Defending champion Petra Kvitova dumped out of Wimbledon
Former world number one Jelena Jankovic comes from a set down to reach fourth round
Defending champions Petra Kvitova is out of Wimbledon after losing to Jelena Jankovic in three sets. Photograph: Afp
Petra Kvitova fears she will be haunted for weeks by her stunning Wimbledon exit as a title defence that looked to be running smoothly came dramatically off the rails.
It was the enigmatic Jelena Jankovic, a former world number one whose spell at the top of women’s tennis was far from distinguished, who caused a major Saturday afternoon upset by winning 3-6 7-5 6-4.
Hers was an “unbelievable” triumph, Jankovic said, and the evidence supported that judgement.
Spectators inside Centre Court were counting down the minutes until Andy Murray’s arrival for his tussle with Andreas Seppi, lulled by the one-way nature of the women’s singles match as Kvitova moved seemingly untroubled towards the fourth round.
The champion of 2011 and 2014 led by a set, by 3-1 in the second, and had 40-15 against the Jankovic serve in the next game, with two break points for what would have been surely a match-winning advantage.
But incredibly Kvitova crumbled, the 25-year-old’s game going to pieces while Jankovic became steadily more solid.
Come the final game of the match, the Czech’s forehand deserted her completely.
She put one into the net, flayed another long and wide and flung a third several feet over the baseline, and Jankovic had her first match point.
Kvitova netted, this time with a backhand, and Jankovic flopped to the grass, finding her victory hard to believe.
“This is tough in a tournament which is special for me,” Kvitova said. “I think it’s going to take me a few days, a few weeks maybe.
“But that’s how it is. It’s tennis. I’m still human. I’m not a robot.
“But I was wishing for a better result for sure.
“It’s tough to explain. If I knew what happened, I would tell you. I was up in the second set. Suddenly I felt like she was coming back, playing a little bit aggressively.
“I didn’t have an answer for it. My serve didn’t help me at all.
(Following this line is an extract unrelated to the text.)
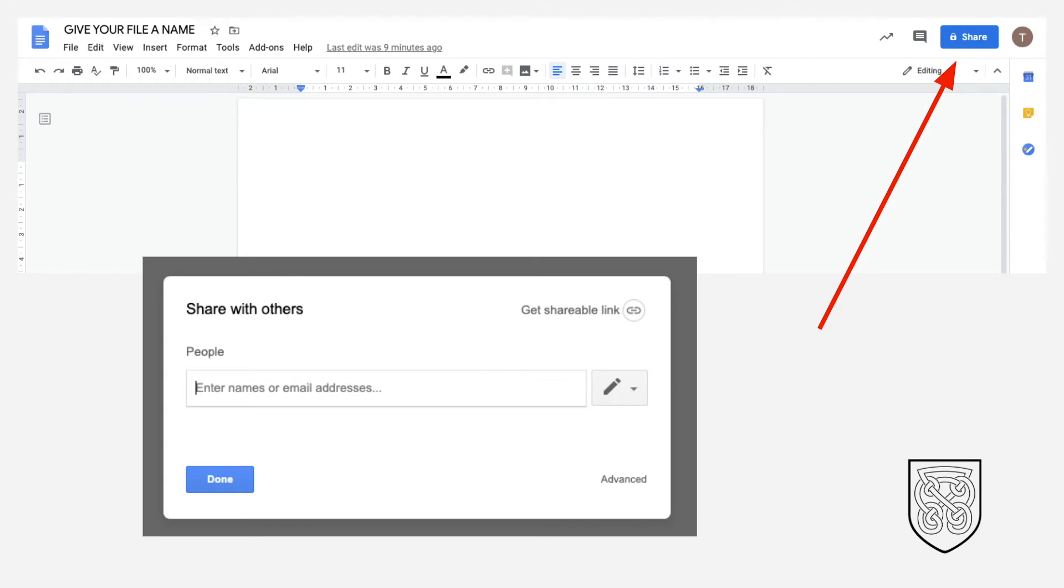The other way to share a document is by clicking on the Share button in the top right-hand corner in a doc or a sheet or a slide. The button looks a bit like this in Google Docs. When you click on that button, it will pop open a window that looks very similar to the one that we've just seen before.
I was really struggling with each shot I played.”
Jankovic, seeded 28th, will tackle Agnieszka Radwanska on Monday for a place in the quarter-finals.
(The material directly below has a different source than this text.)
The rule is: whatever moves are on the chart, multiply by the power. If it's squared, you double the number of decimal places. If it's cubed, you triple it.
Finishing runner-up at the 2008 US Open remains her best grand slam singles result. This was one of her finest days since then, as the reaction indicated.
“I can’t stop smiling. I’m really, really happy. I don’t know how to explain it,” Jankovic said.
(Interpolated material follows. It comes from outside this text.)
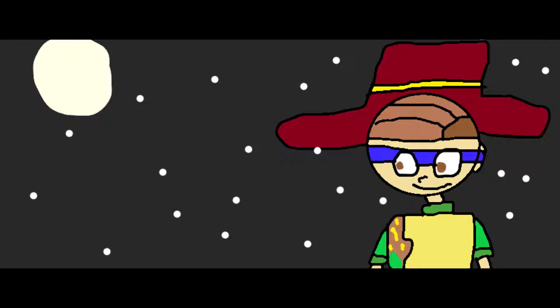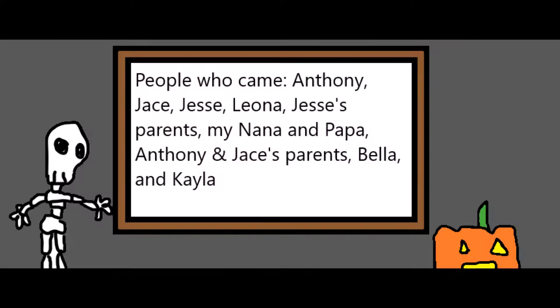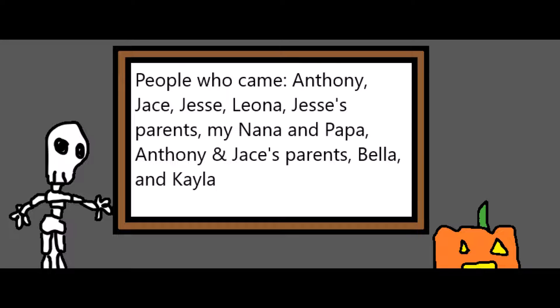So two days ago we went trick-or-treating and this is the story of everything that happened. These are the people who came with us. I'll put them on the screen for a couple seconds.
“But it’s a really big win for me, especially playing on Centre Court against a two-time Wimbledon champion. It’s really amazing.
“I was just happy to be playing and competing on grass. Grass is not my favourite surface. And Petra plays so well on it. I think it’s her favourite surface. It shows by winning two Wimbledon titles.
“I was down a set and a break in the second. I was able to just stay calm. I just played one point at a time and held my ground and won that second set.
“After that I knew I could do it. I was fighting. I was very brave at the end. Here I am. Unbelievable.”
Jankovic has been troubled by injuries and her seeding of 28th reflects how far she has dropped in the rankings, but the 30-year-old believes she can move up in the world in the autumn of her career.
“I want to get to where I think I belong. I’ve done it in the past. I’ve been many years in the top 10, I’ve been number one in the world, I’ve played against all these players,” she said.
“If I’m able to work hard and believe in myself, hopefully my time will come again.”
As Kvitova prepared to head home, the Czech left no doubt about who she fancies for the title: not her conqueror, but the Grand Slam-hunting Serena Williams, even after the American’s travails against Britain’s Heather Watson.
“I heard it was a great fight from both of them,” Kvitova said. “I think that Serena sometimes needs kind of this fight during the tournament. So she’s still a big favourite.”